After spending several minutes in the graveyard, I knew I could not have done more for my depressed friend who all he wanted was to pay tribute to his father. It was a sympathetic experience filled with tragic memories. The headstone where Mr. Lexi – John’s dad was laid sent a signal to me. This man is a hero the society will never forget, a father-figure with a pathetic wife who left him at the early days of their union. The experience at the graveyard brought to my consciousness, a deeper meaning to what life entails. While gazing at John’s dad grave, John looked straight into my eyes and said, “Life is just a cycle that everyone will have a share of. The ‘birth-to-death’ sequence will happen to all. To the outside world, birth is conceived as a lovely phenomenon and death is perceived to be horrible. This is merely a fallacy because the soul is immortal and the only thing that dies is the body housing the soul.” I nodded in agreement to what he told me. Even though Mr. Lexi’s flesh has been buried in the grave, his soul has gone to meet the great fathers. John was so sure that one day, he will meet his dad in paradise and embrace him again.
Since it was an unplanned visit to the graveyard, we were not with bouquets to lay by the headstone. Even though it was already late at night, we still spared few seconds to kneel down and offer very short prayers before we started racing back home. I had to run with my slippers in my hands. The only source of light available was the deem moon that could barely shed light on our path. Sadly, we were not with a torch or any luminous object. My parents were already waiting for me to deliver the two loaves of bread and five sachets of milk we were to eat for dinner. Now, more than ever before, the whole place was quiet so much that every step we took produced a sound that could serve as an alarm to wake the dead up. At this instant, I understood the meaning of the simile “… as silent as the grave.”

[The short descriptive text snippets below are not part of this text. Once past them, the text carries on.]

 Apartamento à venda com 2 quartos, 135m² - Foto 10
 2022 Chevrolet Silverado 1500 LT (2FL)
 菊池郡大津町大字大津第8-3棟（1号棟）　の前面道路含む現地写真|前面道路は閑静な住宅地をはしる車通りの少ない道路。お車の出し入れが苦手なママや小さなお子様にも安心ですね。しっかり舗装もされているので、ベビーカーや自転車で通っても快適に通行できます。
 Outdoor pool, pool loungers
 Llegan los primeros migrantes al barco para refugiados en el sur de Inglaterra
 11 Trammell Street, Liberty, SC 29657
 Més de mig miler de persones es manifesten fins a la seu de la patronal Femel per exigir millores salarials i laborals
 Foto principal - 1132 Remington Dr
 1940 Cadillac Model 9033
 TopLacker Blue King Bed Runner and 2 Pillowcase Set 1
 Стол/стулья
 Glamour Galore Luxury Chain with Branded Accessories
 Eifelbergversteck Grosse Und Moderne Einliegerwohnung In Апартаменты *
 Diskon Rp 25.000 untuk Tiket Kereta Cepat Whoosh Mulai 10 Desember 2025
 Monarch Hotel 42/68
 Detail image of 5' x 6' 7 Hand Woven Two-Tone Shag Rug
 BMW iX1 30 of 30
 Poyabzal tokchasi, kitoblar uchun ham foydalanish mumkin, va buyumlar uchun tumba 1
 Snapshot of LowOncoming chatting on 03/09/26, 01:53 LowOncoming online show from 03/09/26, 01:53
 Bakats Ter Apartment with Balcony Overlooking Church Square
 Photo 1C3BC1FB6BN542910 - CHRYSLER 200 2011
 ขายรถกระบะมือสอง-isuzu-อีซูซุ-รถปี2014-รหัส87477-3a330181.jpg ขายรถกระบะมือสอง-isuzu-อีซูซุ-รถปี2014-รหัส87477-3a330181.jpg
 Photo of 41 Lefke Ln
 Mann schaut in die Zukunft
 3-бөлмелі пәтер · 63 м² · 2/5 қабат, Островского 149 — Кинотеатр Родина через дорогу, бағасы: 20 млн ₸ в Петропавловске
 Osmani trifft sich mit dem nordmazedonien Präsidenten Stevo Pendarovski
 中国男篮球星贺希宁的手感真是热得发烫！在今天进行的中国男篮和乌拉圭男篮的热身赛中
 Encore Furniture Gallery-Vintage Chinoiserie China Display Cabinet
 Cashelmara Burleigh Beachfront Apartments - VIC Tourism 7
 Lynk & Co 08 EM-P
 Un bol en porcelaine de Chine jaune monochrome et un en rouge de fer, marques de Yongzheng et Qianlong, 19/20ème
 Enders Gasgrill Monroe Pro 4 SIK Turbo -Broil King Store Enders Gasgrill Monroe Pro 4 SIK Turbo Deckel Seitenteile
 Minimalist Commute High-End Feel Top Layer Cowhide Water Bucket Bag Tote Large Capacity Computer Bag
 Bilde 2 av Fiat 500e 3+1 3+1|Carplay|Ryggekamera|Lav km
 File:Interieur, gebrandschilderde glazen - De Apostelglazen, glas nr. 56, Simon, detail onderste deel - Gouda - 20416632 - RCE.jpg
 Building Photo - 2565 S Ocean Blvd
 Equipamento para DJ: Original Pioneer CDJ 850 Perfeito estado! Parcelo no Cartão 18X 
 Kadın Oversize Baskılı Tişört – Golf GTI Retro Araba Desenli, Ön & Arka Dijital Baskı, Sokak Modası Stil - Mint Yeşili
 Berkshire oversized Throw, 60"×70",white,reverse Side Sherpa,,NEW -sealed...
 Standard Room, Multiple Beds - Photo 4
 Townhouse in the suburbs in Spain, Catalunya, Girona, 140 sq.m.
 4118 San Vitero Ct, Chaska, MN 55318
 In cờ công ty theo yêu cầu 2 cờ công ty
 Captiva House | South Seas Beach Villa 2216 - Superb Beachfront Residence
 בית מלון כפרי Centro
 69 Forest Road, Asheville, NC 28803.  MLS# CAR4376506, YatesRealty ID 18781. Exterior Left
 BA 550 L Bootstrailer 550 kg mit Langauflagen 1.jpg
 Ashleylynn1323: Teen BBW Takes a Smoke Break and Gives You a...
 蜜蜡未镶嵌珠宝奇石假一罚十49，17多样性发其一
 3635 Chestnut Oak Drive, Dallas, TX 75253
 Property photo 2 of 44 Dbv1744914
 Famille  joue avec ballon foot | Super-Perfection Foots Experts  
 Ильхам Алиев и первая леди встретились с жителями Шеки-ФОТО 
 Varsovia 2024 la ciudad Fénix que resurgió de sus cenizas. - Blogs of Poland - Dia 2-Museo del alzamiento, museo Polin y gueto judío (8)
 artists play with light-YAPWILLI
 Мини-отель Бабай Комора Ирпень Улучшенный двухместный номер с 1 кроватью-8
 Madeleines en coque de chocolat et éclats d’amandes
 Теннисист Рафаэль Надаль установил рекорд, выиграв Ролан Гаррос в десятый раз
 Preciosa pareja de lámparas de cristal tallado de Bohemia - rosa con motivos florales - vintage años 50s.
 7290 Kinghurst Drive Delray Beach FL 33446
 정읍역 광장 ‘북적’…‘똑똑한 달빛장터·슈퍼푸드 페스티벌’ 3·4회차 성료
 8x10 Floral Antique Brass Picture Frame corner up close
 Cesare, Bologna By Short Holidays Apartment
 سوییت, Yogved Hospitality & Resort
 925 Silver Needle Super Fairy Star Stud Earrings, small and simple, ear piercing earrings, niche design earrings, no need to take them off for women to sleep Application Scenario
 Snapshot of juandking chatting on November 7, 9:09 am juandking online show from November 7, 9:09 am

In all, the visit to the grave of John’s dad communicated to me that the memory of the deceased is still valued and treasured. To end with, we got ourselves back to the street. I was sweating profusely to the extent that my cloth was soaked massively with sweat. I went to purchase the things my parents sent me, and in addition, I bought two sachets of water. I splashed the water on my body and proposed that I will tell my parent I fell inside a culvert. Well, upon getting home, the rest was story, while the memory at the graveyard remained with me for years.